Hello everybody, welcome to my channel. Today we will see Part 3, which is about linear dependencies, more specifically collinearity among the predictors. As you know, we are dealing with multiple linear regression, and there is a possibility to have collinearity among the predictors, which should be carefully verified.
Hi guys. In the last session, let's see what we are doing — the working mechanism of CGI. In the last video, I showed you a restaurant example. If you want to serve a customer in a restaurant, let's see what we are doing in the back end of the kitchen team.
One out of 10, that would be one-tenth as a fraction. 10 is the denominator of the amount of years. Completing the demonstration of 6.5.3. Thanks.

==

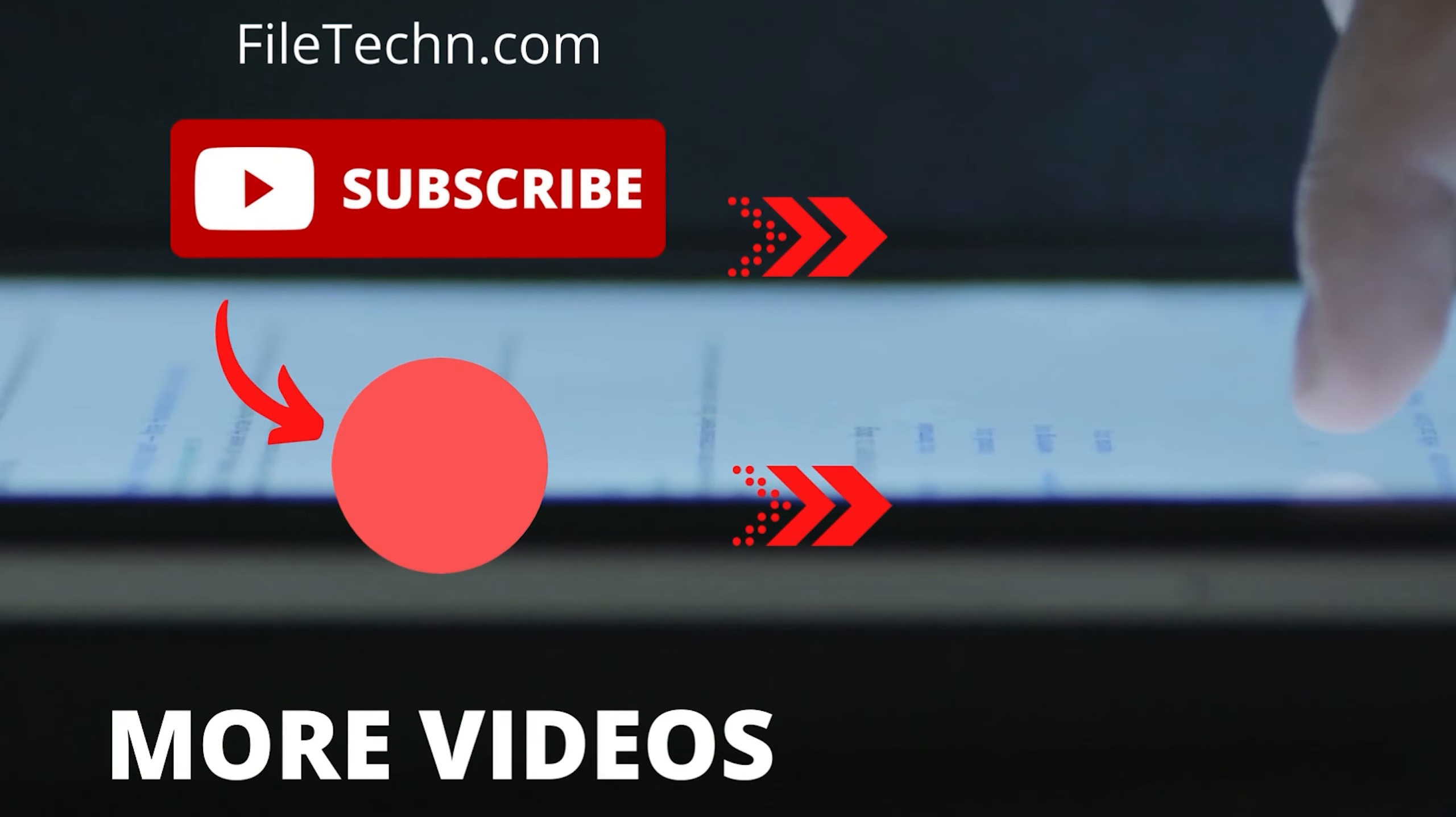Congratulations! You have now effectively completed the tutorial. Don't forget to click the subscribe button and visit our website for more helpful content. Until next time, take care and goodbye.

WHAT THIS TASK INVOLVES — Given the records above, return exactly the lines starting at the line containing "Hello everybody, welcome" and ending at the line containing "One out of 10, that", including both.

RESULT OF THIS TASK —
Hello everybody, welcome to my channel. Today we will see Part 3, which is about linear dependencies, more specifically collinearity among the predictors. As you know, we are dealing with multiple linear regression, and there is a possibility to have collinearity among the predictors, which should be carefully verified.
Hi guys. In the last session, let's see what we are doing — the working mechanism of CGI. In the last video, I showed you a restaurant example. If you want to serve a customer in a restaurant, let's see what we are doing in the back end of the kitchen team.
One out of 10, that would be one-tenth as a fraction. 10 is the denominator of the amount of years. Completing the demonstration of 6.5.3. Thanks.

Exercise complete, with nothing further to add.